По дороге к магазину одежды Брейер рассматривал, во что одеты люди на улицах, и решил приобрести теплое короткое темно-синее пальто, крепкие ботинки и толстый полосатый свитер. Но все, кого он видел, были младше его. Что носили люди постарше? В конце концов, где они все? Все вокруг выглядели так молодо. Кто станет его другом? Как он будет знакомиться с женщинами? Может, это будет официантка в ресторане или учительница итальянского. «Но, — подумал он, — мне не нужна другая женщина! Мне никогда не найти такую, как Матильда.

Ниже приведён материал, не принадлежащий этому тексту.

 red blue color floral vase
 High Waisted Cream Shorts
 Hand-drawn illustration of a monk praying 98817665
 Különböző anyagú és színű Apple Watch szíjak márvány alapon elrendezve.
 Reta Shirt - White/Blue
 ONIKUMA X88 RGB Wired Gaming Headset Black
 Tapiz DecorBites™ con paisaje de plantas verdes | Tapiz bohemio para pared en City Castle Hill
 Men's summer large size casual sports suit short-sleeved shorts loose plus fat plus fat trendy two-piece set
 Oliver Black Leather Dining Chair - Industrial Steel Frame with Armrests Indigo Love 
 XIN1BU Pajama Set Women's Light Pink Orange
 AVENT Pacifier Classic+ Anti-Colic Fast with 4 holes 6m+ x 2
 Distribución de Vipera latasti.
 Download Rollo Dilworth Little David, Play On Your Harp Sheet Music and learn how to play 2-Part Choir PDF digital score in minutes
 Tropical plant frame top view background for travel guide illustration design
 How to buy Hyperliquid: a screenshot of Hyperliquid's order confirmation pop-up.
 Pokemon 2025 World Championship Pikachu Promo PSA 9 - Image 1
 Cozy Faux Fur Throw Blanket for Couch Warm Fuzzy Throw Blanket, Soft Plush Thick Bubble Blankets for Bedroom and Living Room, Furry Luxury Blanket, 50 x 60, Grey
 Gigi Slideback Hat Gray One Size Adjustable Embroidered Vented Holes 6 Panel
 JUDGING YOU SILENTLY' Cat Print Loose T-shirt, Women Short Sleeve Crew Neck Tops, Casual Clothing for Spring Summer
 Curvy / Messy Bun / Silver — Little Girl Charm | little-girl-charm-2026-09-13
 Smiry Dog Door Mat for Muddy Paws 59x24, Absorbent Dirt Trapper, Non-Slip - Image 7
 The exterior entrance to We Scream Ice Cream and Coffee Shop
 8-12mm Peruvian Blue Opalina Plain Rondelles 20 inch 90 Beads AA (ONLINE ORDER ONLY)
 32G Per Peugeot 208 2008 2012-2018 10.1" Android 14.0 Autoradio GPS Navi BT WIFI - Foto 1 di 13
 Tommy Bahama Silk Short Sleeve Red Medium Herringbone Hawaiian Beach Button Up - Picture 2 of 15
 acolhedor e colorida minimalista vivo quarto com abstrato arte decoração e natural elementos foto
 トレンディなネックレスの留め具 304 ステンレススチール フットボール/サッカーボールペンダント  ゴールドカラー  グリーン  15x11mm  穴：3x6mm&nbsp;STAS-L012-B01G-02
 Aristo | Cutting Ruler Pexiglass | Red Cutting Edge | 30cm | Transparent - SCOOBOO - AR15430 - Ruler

Я люблю ее. Это безумие. Почему я ушел от нее? Я слишком стар для того, чтобы начинать новую жизнь. Я самый старый человек на этой улице. Может, разве что эта старуха с клюкой старше меня или вон тот сгорбившийся продавец овощей».

Вдруг у него закружилась голова. Он чуть не падал. За своей спиной он услышал голос:

«Йозеф, Йозеф!»

«Чей это голос? Он кажется знакомым!»

«Доктор Брейер! Йозеф Брейер!»

«Кто может знать, где я?»

«Йозеф, послушайте! Я считаю от десяти до одного. Когда я досчитаю до пяти, вы откроете глаза. Когда я скажу „Один“, вы проснетесь окончательно. Десять, девять, восемь…»

«Мне знаком этот голос!»

«Семь, шесть, пять…»

Его глаза открылись. Над собой он увидел улыбающееся лицо Фрейда.

«Четыре, три, два, один! Теперь вы совсем проснулись! Сейчас!»

Брейера охватила тревога: «Что случилось? Где я, Зиг?»

«Все в порядке, Йозеф. Просыпайся!» — Голос Фрейда был твердым и вместе с тем успокаивающим.

«Что произошло?»

«Подожди пару минут, Йозеф. Ты все вспомнишь».

Брейер увидел, что лежит на кушетке в своей библиотеке. Он сел. И снова спросил: «Что произошло?»

«Это ты мне расскажешь, что произошло, Йозеф. Я сделал все точно так, как ты говорил».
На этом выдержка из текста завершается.